In your copy, leave out the pictures; write out all the data exactly.

::::

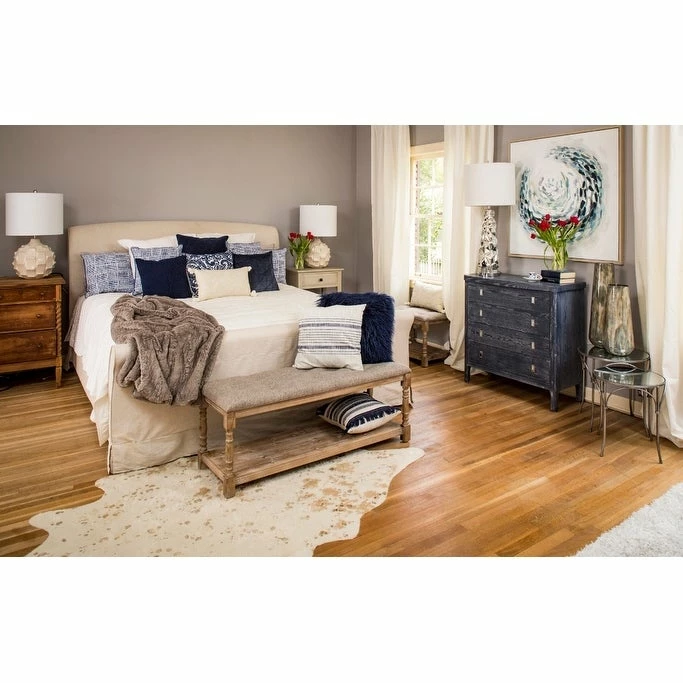 Budget ❤️ StyleCraft Home Collection StyleCraft Naxos White Ceramic Table Lamp - White Shade 🥰 - Image 4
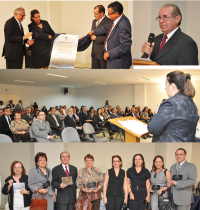 TRT homenageia juízes e servidores nos 70 anos da Justiça do Trabalho do Maranhão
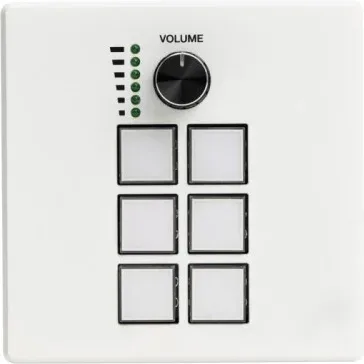 Lindy 32306 controlador de sistema audiovisual ARM Cortex-A7 256 MB Blanco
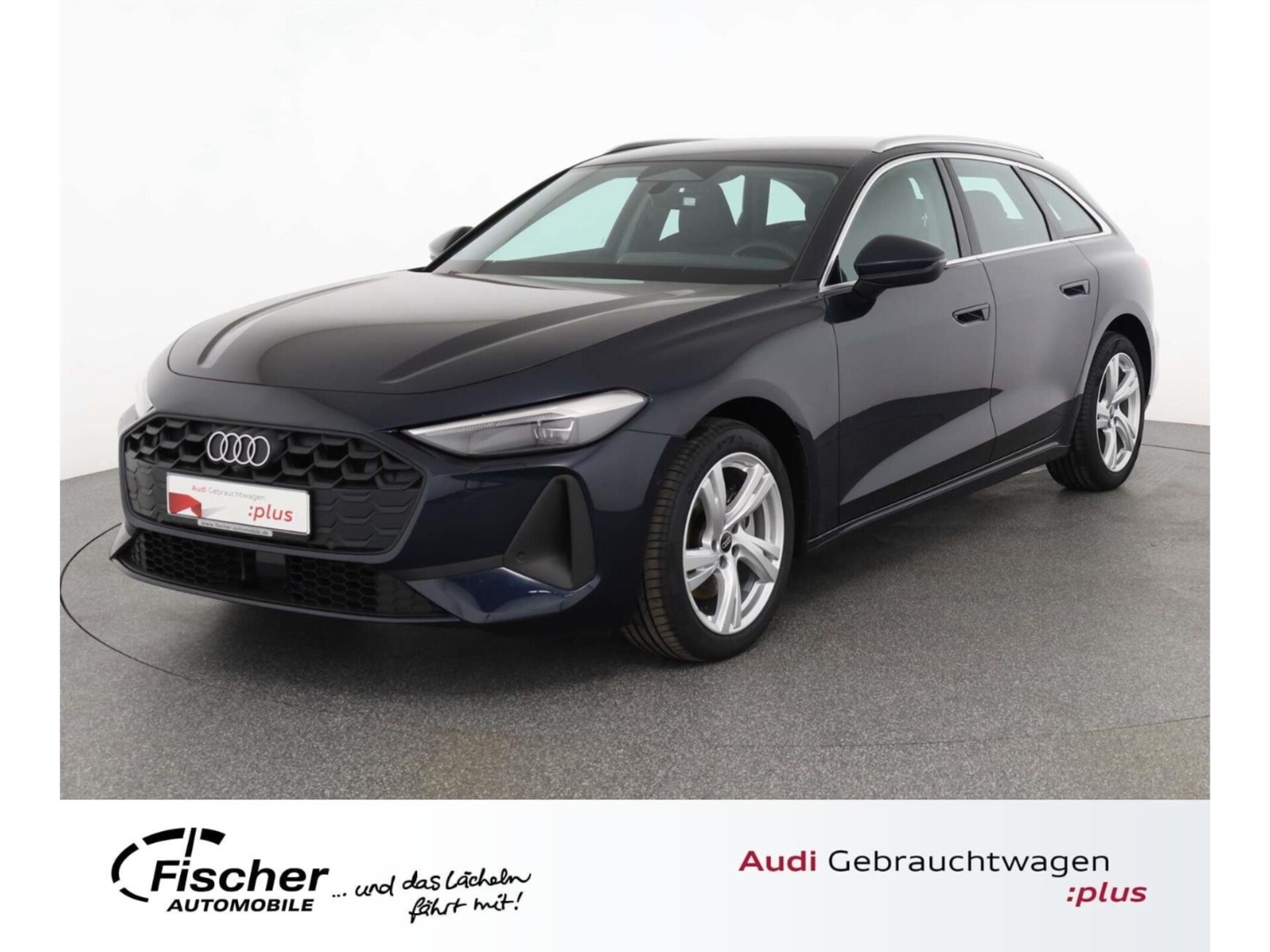 Audi A5 Avant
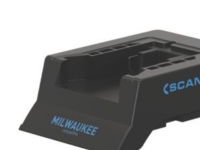 Scangrip Connector Milwaukee – Designet til at bruge 18V batteripakker på Connect lamperne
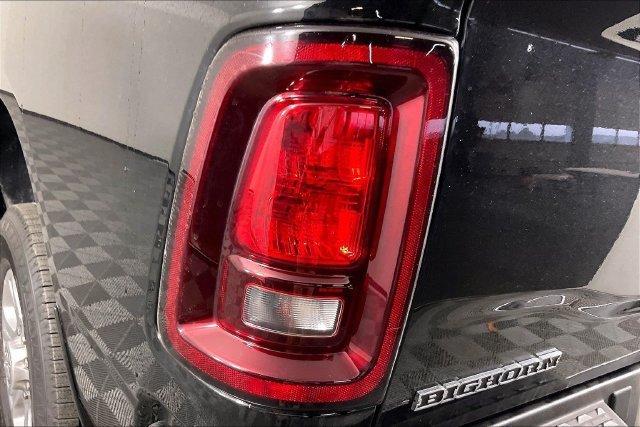 Used 2026 RAM 2500 Big Horn AWD/4WD image 19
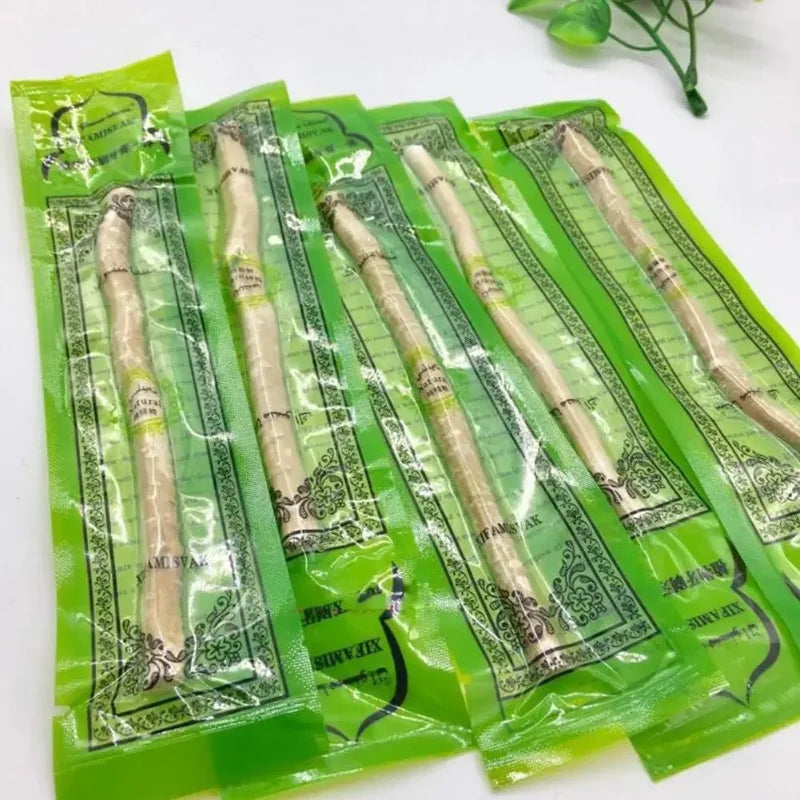 MiswakStick™ Natural Toothbrush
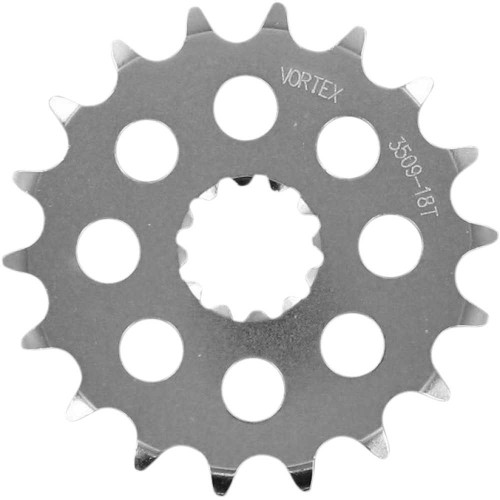 VORTEX 350918 Vortex Front Sprocket - 18-Tooth 3509-18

::::

§ **Exercise output**
 Budget ❤️ StyleCraft Home Collection StyleCraft Naxos White Ceramic Table Lamp - White Shade 🥰 - Image 4
 TRT homenageia juízes e servidores nos 70 anos da Justiça do Trabalho do Maranhão
 Lindy 32306 controlador de sistema audiovisual ARM Cortex-A7 256 MB Blanco
 Audi A5 Avant
 Scangrip Connector Milwaukee – Designet til at bruge 18V batteripakker på Connect lamperne
 Used 2026 RAM 2500 Big Horn AWD/4WD image 19
 MiswakStick™ Natural Toothbrush
 VORTEX 350918 Vortex Front Sprocket - 18-Tooth 3509-18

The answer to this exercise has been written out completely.